Behaving Trumps Talking

How often have you heard:

– Actions speak louder than words

What you do speaks so loud that I cannot hear what you say

People will judge you by your actions, not your intentions

-Walk the talk

-Talk is cheap because supply exceeds demand

-You have two ears and one mouth for a reason

There is much wisdom in folk wisdom like this. We over-emphasize content, over-analyze our words. Worse–our actions can contradict our words. If part of your spiel is that you’re client-focused—in that moment, you’re not.

It’s your actions that will sell—or not.

Five Opportunities to Replace Talking with Actions

You can read elsewhere tips about your demeanor, look, body language. Here are five ways you can design your actions to help your customers experience what you’re about.

1. When you illustrate a point through an example–make the example about this client, not your other clients. Everyone’s favorite subject is—themselves. Indulge them.

2. Offer free samples. It works with ice cream, but ice cream has color, taste, texture.
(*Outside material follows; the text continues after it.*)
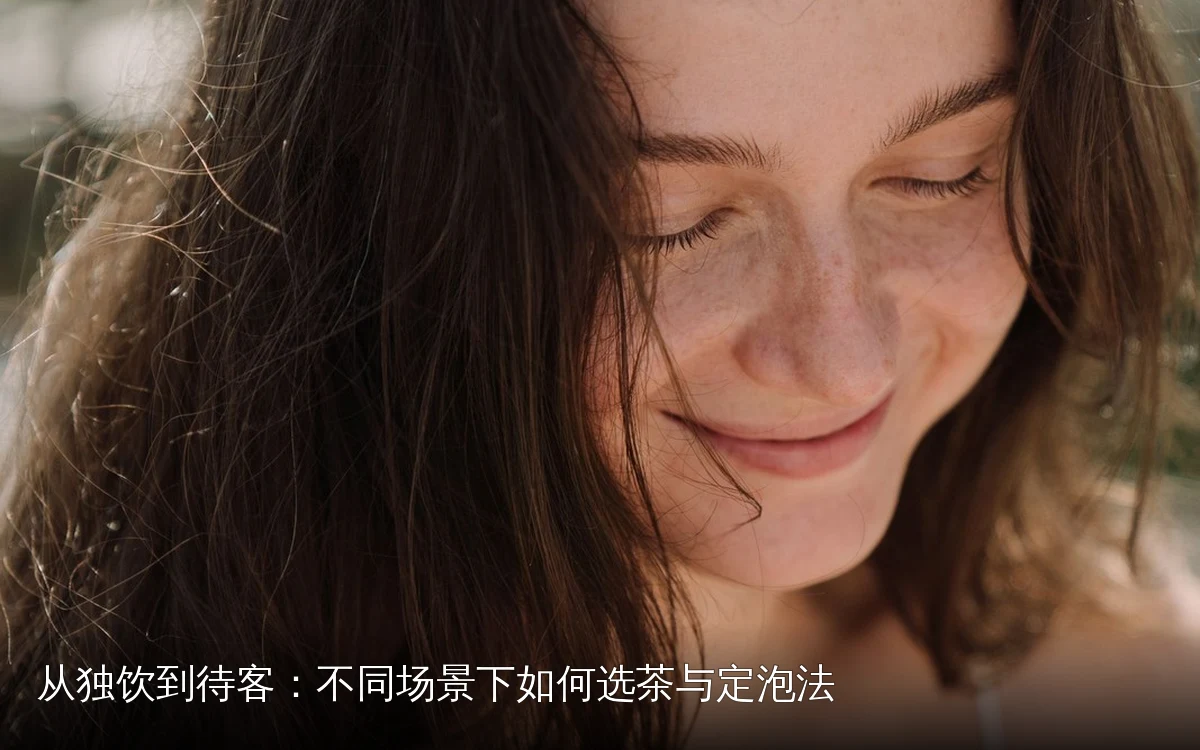 主题场景配图，仅作示意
Tax advice doesn’t. It becomes tangible only when the client gets some. Give some samples.

3. Work side by side with your customer. Don’t waste time back at your office pondering what your customer might want—ask them.

4. Put potential clients in touch with past clients–let them talk directly. They each learn a lot, and you get the credit for the introduction.

5. Ask for advice, not feedback. You can replace a hundred customer-sat written surveys with one serious, face-to-face meeting asking your customer to help you redesign your processes.

And one final bonus tip: Don’t say ‘trust me.’ Let your trustworthy actions do your talking for you.

 

Upcoming Events and Appearances: Trusted Advisor Associates

Join us at one or more upcoming Trusted Advisor Associates events. This Spring, we’ll be hosting and participating in events in Washington, DC; Fargo, ND; Boston, MA; London, England and through globally accessed webinars.

Also, a word about the Trusted Advisor Mastery Program.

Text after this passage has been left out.